• DATA LISTING
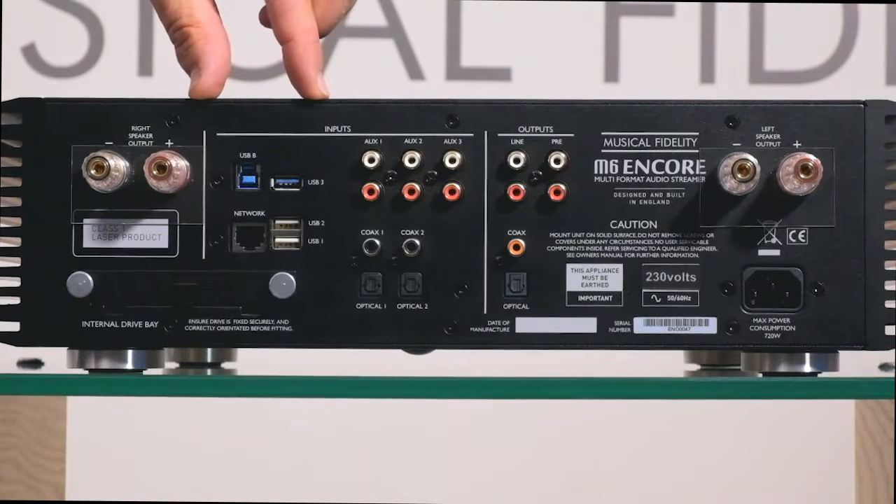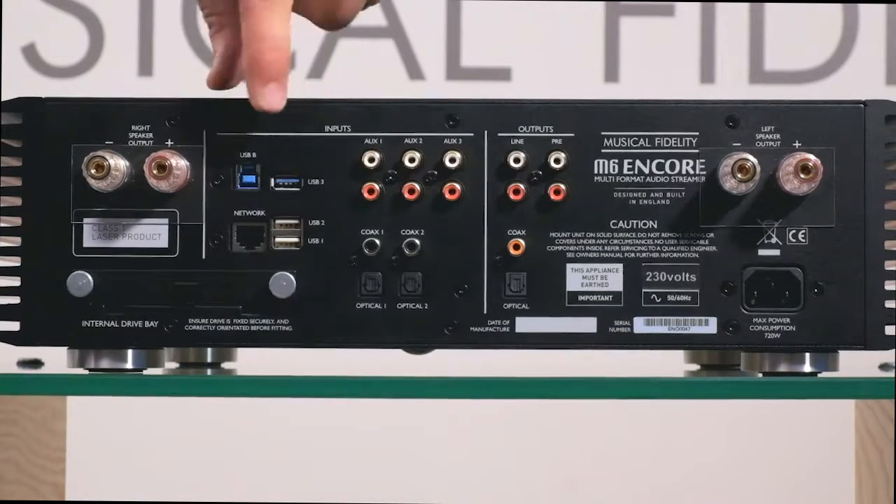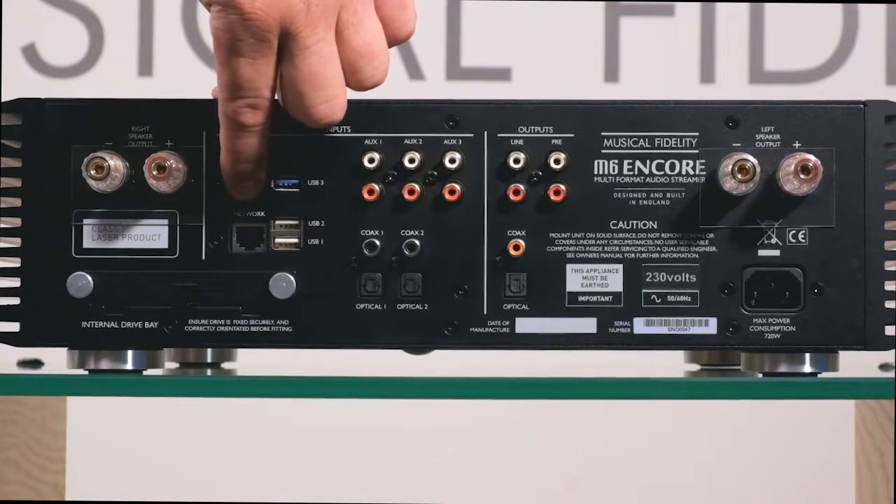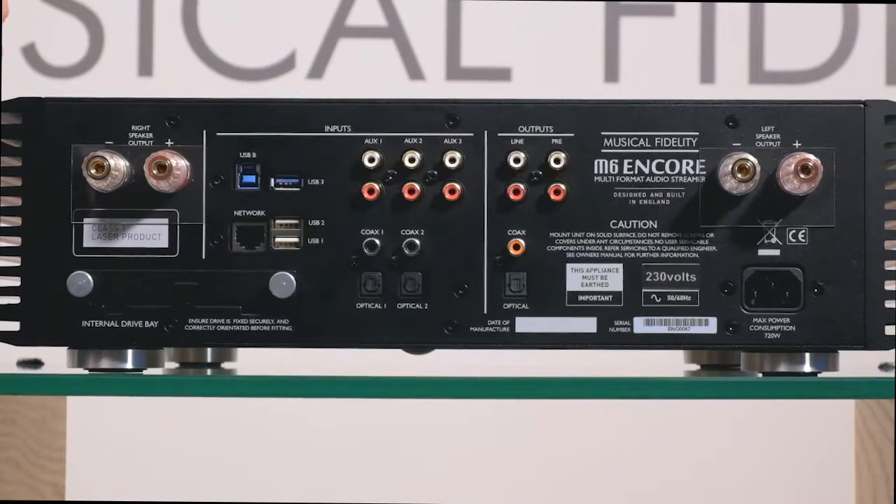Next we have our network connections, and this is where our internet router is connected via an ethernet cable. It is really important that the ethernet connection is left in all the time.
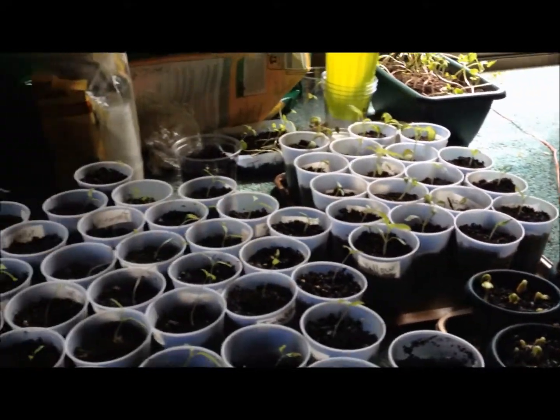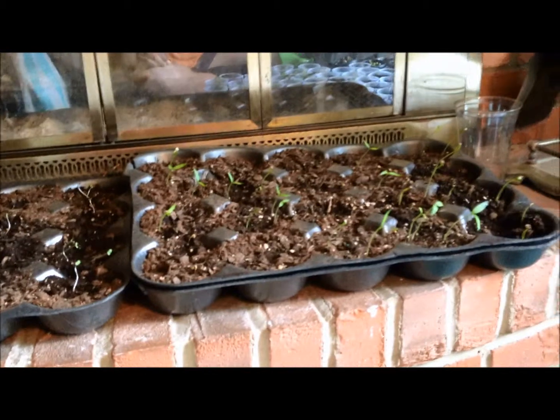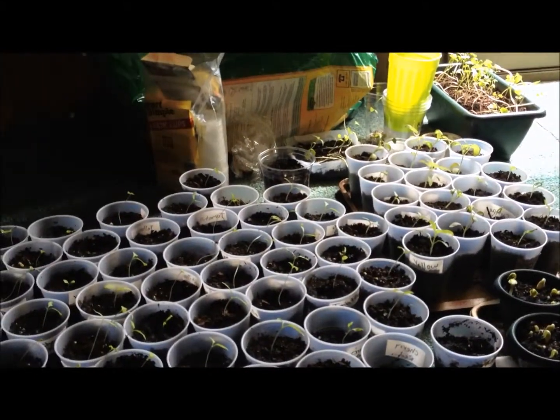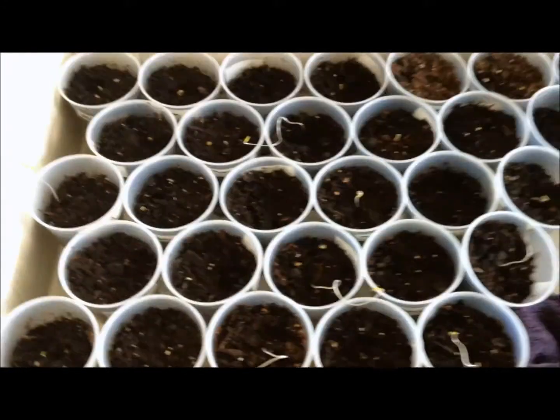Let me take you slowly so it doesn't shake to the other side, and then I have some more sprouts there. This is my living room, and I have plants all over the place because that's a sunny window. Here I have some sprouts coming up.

==

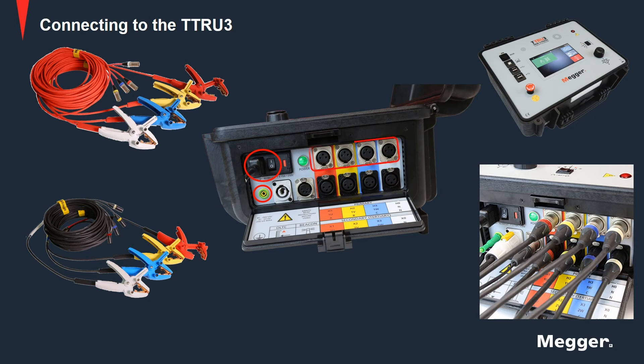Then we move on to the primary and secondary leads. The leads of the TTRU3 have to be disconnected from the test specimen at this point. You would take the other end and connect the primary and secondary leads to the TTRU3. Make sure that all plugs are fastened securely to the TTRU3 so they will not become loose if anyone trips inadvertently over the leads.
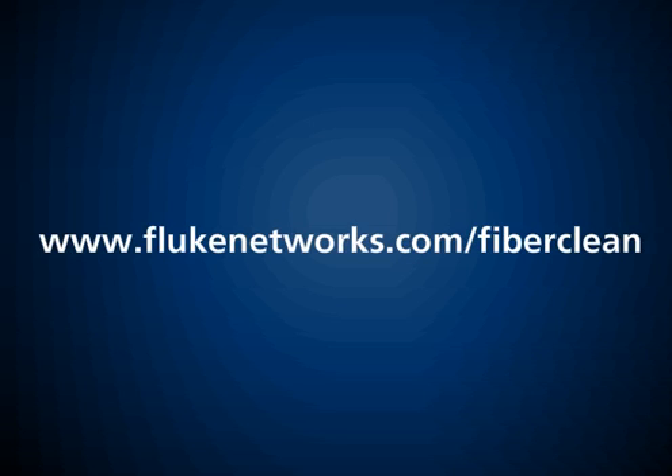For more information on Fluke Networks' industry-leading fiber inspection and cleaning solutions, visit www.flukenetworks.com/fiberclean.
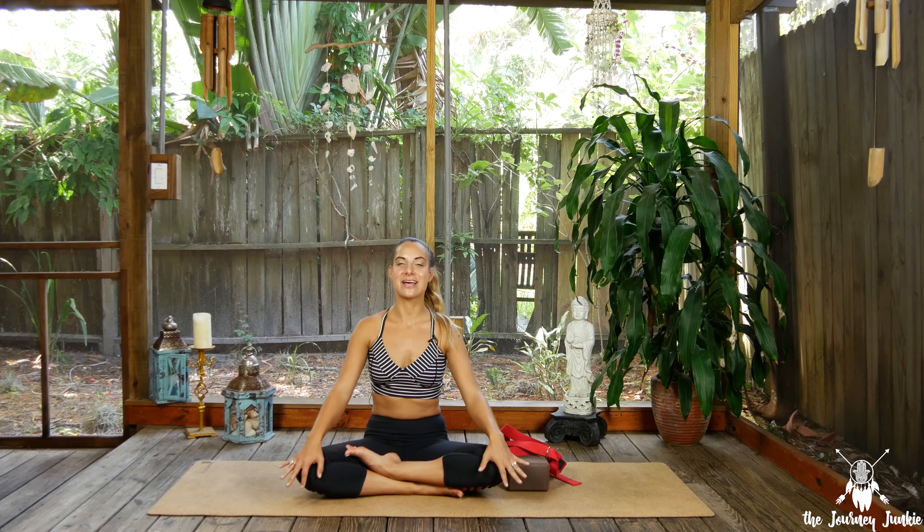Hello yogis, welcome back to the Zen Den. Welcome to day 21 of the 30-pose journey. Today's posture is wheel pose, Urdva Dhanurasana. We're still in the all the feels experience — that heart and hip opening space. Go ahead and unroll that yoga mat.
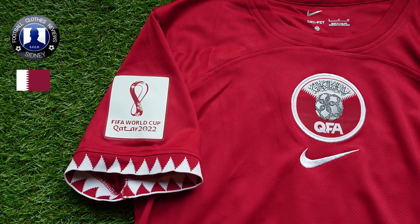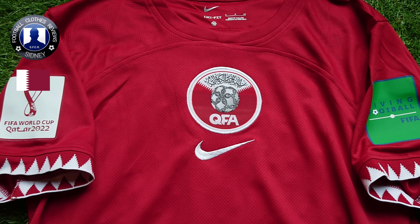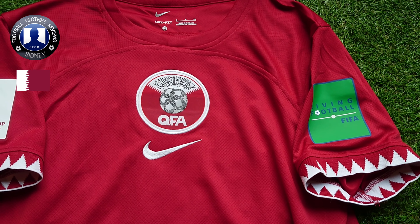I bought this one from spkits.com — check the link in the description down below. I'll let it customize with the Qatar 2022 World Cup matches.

• WHAT THE TASK REQUIRES
Transcribe only the lines above that start at the line containing "For more information" and end at the line containing "Hello yogis, welcome". Omit pictures.

• FINISHED EXERCISE
For more information on Fluke Networks' industry-leading fiber inspection and cleaning solutions, visit www.flukenetworks.com/fiberclean.
Hello yogis, welcome back to the Zen Den. Welcome to day 21 of the 30-pose journey. Today's posture is wheel pose, Urdva Dhanurasana. We're still in the all the feels experience — that heart and hip opening space. Go ahead and unroll that yoga mat.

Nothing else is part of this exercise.